## Work required
The lines below starting at the line containing "People choose to" and ending at the line containing "You Ain't Gettin'" are to be repeated exactly, with both ends kept and nothing else added.

## Provided records
※
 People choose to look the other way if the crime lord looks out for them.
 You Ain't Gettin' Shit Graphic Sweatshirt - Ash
※
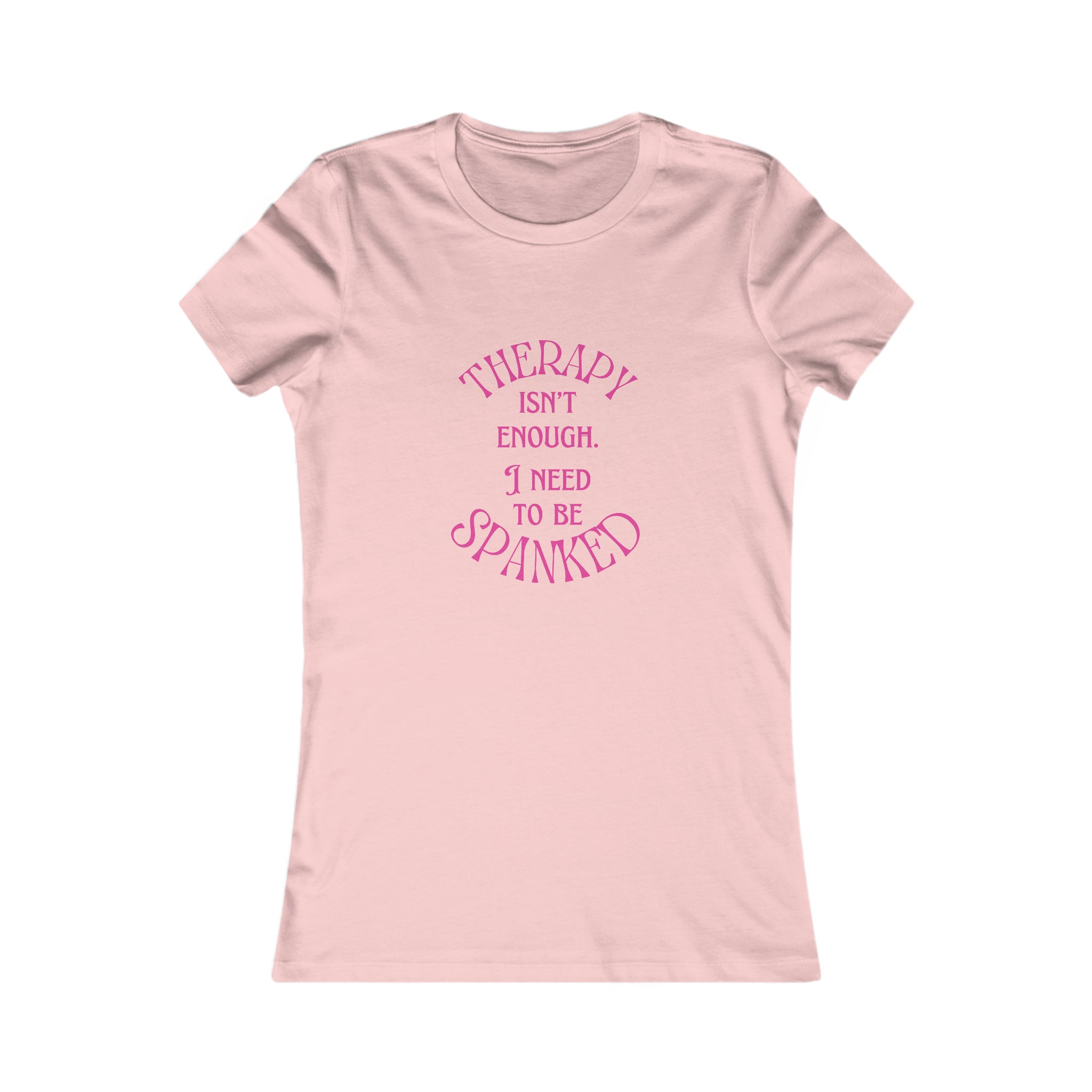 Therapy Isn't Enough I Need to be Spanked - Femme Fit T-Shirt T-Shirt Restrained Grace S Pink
※
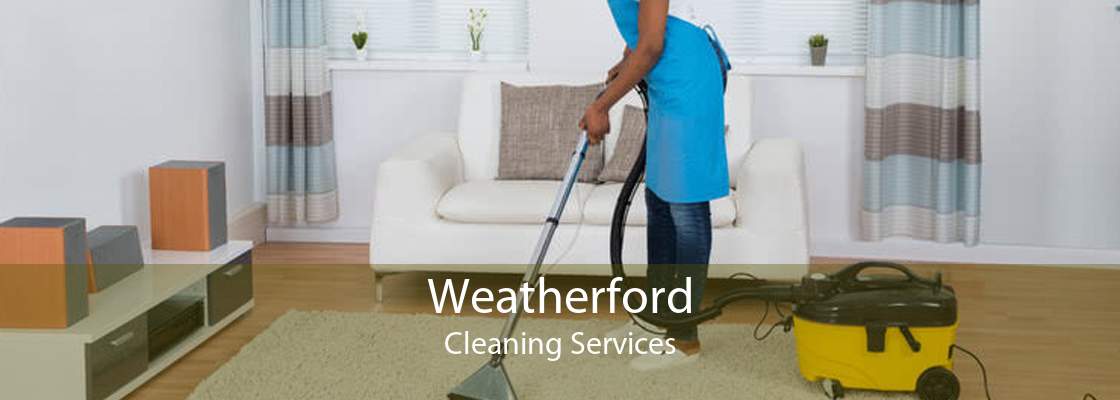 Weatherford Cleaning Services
※
## Answer
 People choose to look the other way if the crime lord looks out for them.
 You Ain't Gettin' Shit Graphic Sweatshirt - Ash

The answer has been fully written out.